### WHAT THE EXERCISE ASKS:
Transcribe the lines below exactly. No image belongs in the transcription.

### RECORDS FOR THE EXERCISE:
•••••
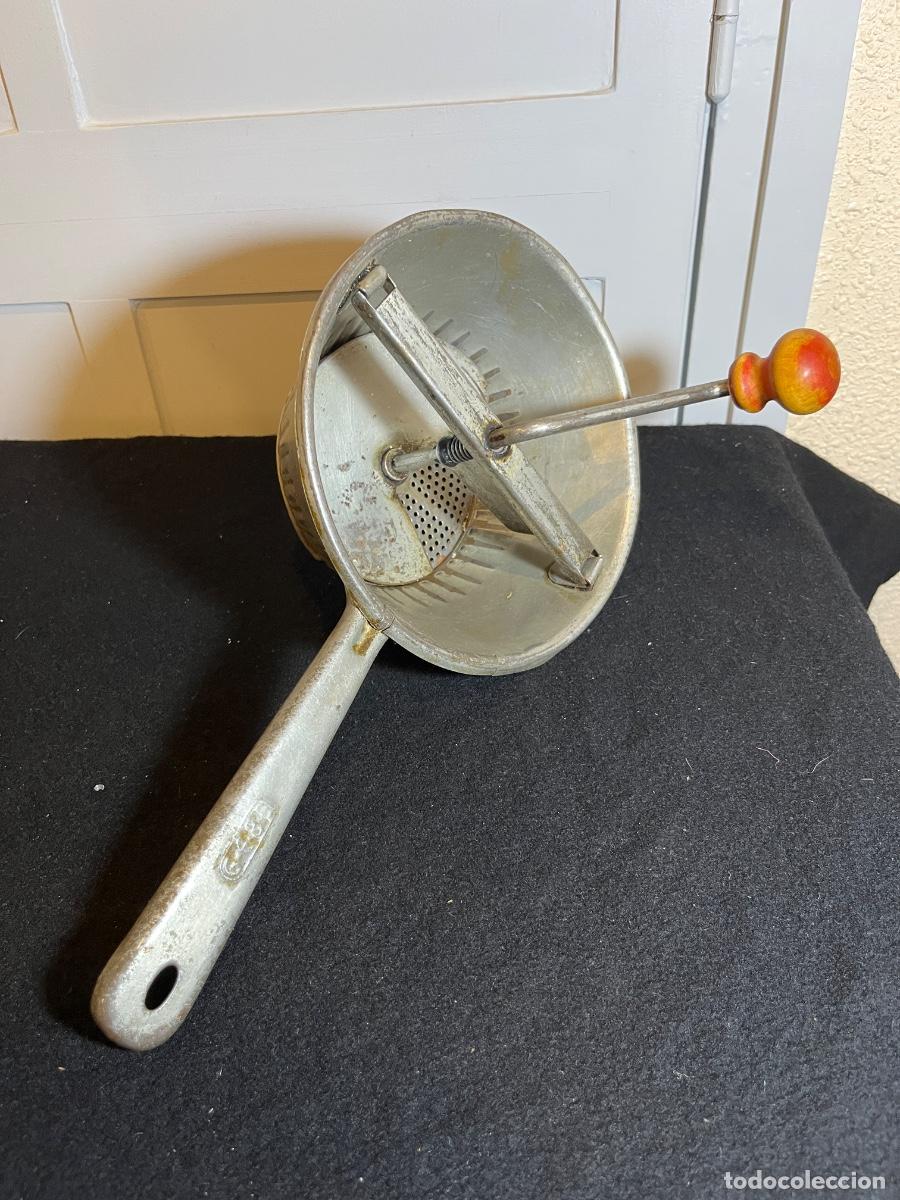 Collezionismo: Pasapur&eacute;s antiguo G&Eacute;REMI aluminio vintage a&ntilde;os 60 70 cocina r&uacute;stica espa&ntilde;ola cocina antigua decoraci
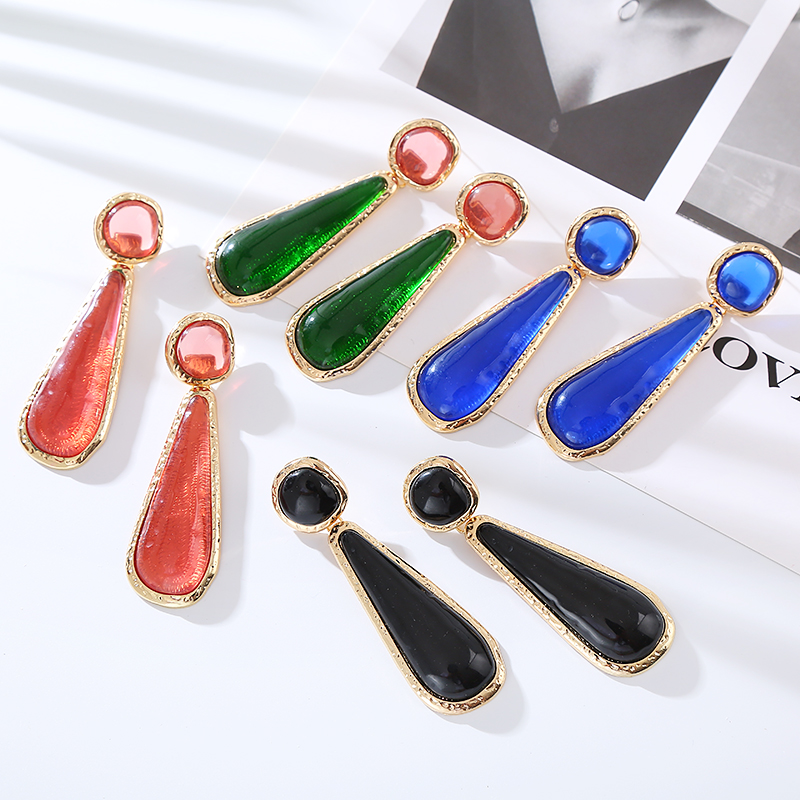 1 Pair Elegant Cute Luxurious Water Droplets Resin Drop Earrings display picture 3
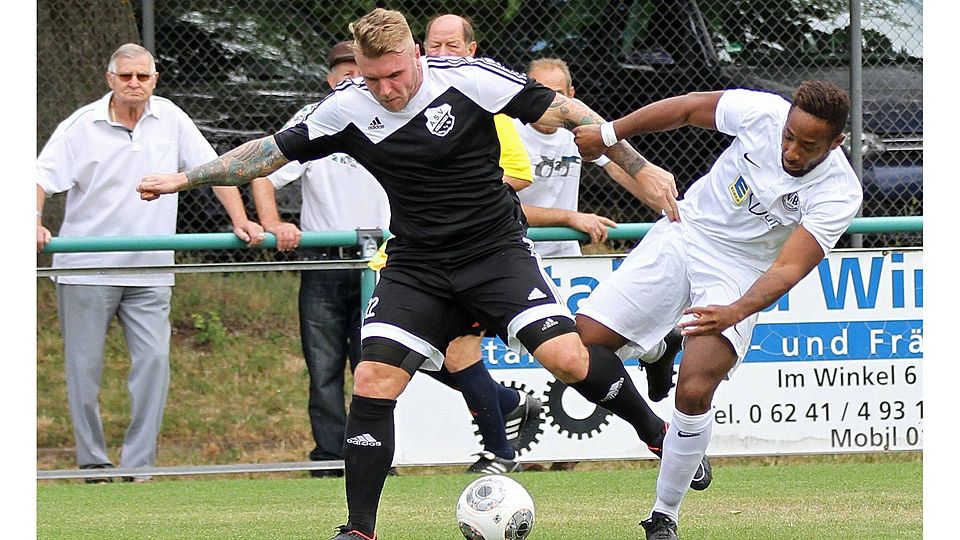 Auch ein Grund, weshalb Bodenheim die zweitbeste Defensive der Liga stellt: Verteidiger Nelson Kari-Kari (rechts), hier im Verbandspokal-Zweikampf mit Nibelungen-Spieler Marcel Hasch.	Archivfoto: pa/Dirigo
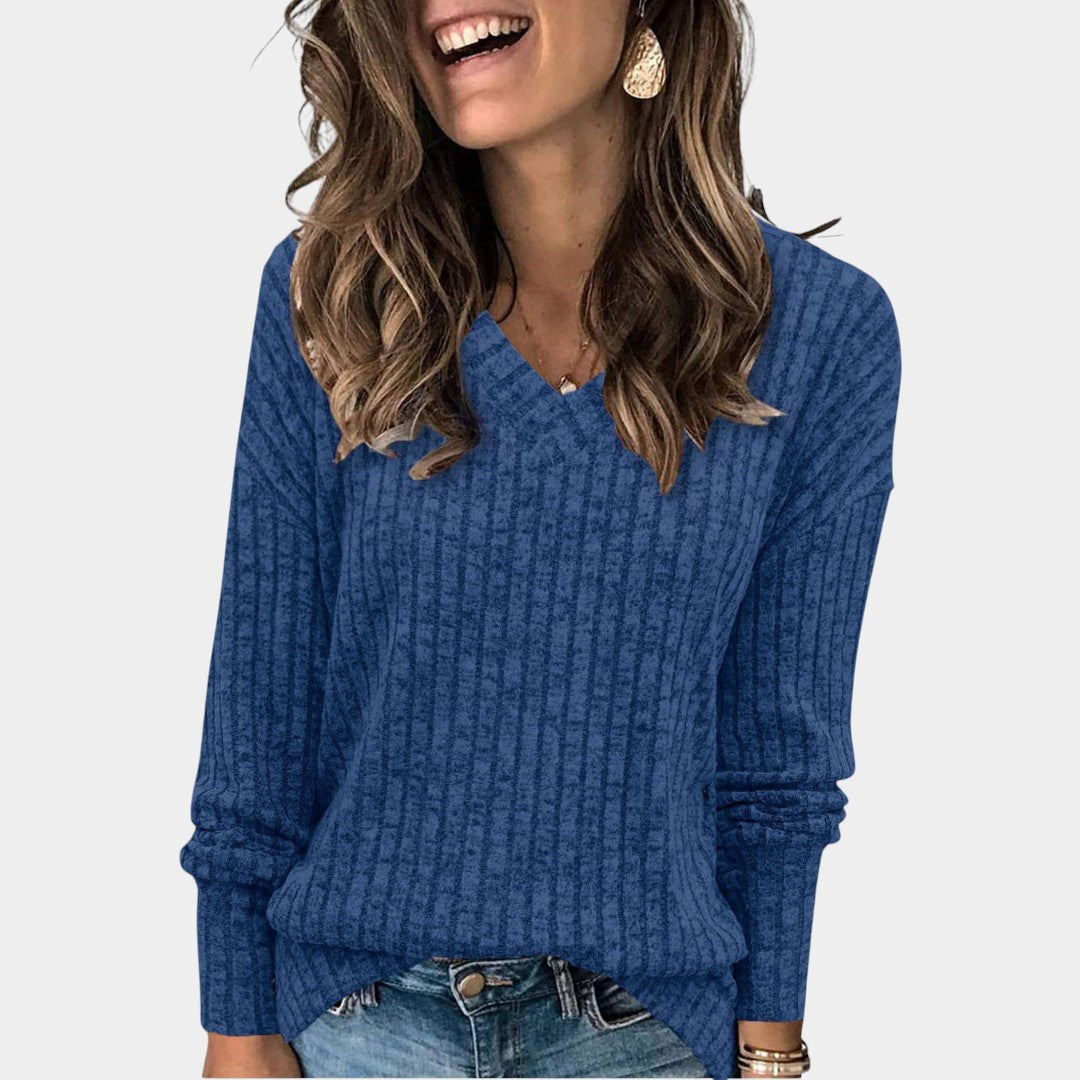 TIVORA – KLASSISK RIBSTRIKKET BLUSE MED V-HALS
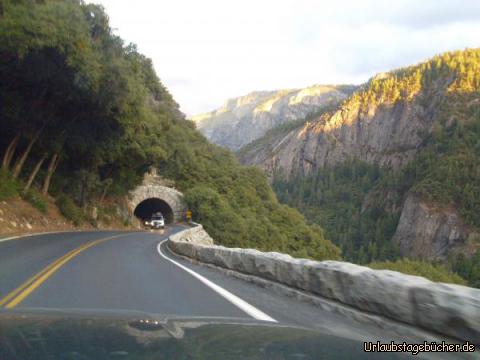 Tunnel: einer der Tunnel, durch den die Big Oak Flat Road hinab ins Yosemite Valley
und damit ins Herzen des Yosemite National Parks in Kalifornien führt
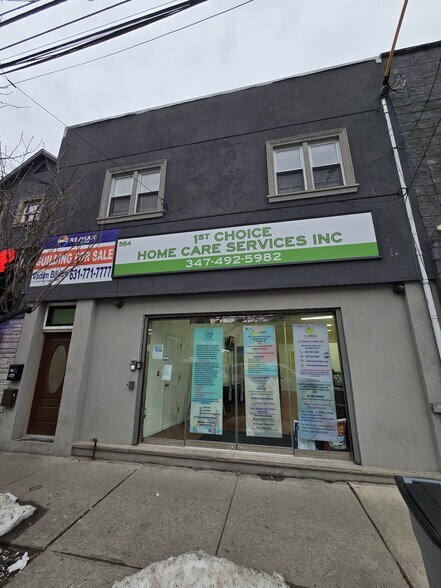 584 Richmond Rd, Staten Island, NY à vendre - Photo principale - Image 1 de 8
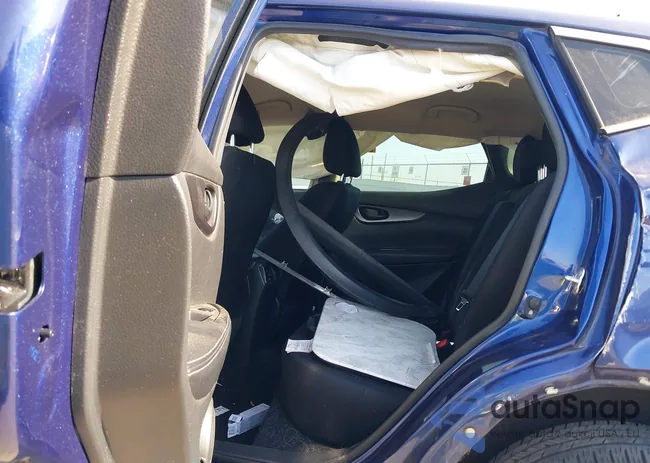 JN1BJ1CPXJW103786: 43138094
•••••
### COMPLETED TASK:
 Collezionismo: Pasapur&eacute;s antiguo G&Eacute;REMI aluminio vintage a&ntilde;os 60 70 cocina r&uacute;stica espa&ntilde;ola cocina antigua decoraci
 1 Pair Elegant Cute Luxurious Water Droplets Resin Drop Earrings display picture 3
 Auch ein Grund, weshalb Bodenheim die zweitbeste Defensive der Liga stellt: Verteidiger Nelson Kari-Kari (rechts), hier im Verbandspokal-Zweikampf mit Nibelungen-Spieler Marcel Hasch.	Archivfoto: pa/Dirigo
 TIVORA – KLASSISK RIBSTRIKKET BLUSE MED V-HALS
 Tunnel: einer der Tunnel, durch den die Big Oak Flat Road hinab ins Yosemite Valley
und damit ins Herzen des Yosemite National Parks in Kalifornien führt
 584 Richmond Rd, Staten Island, NY à vendre - Photo principale - Image 1 de 8
 JN1BJ1CPXJW103786: 43138094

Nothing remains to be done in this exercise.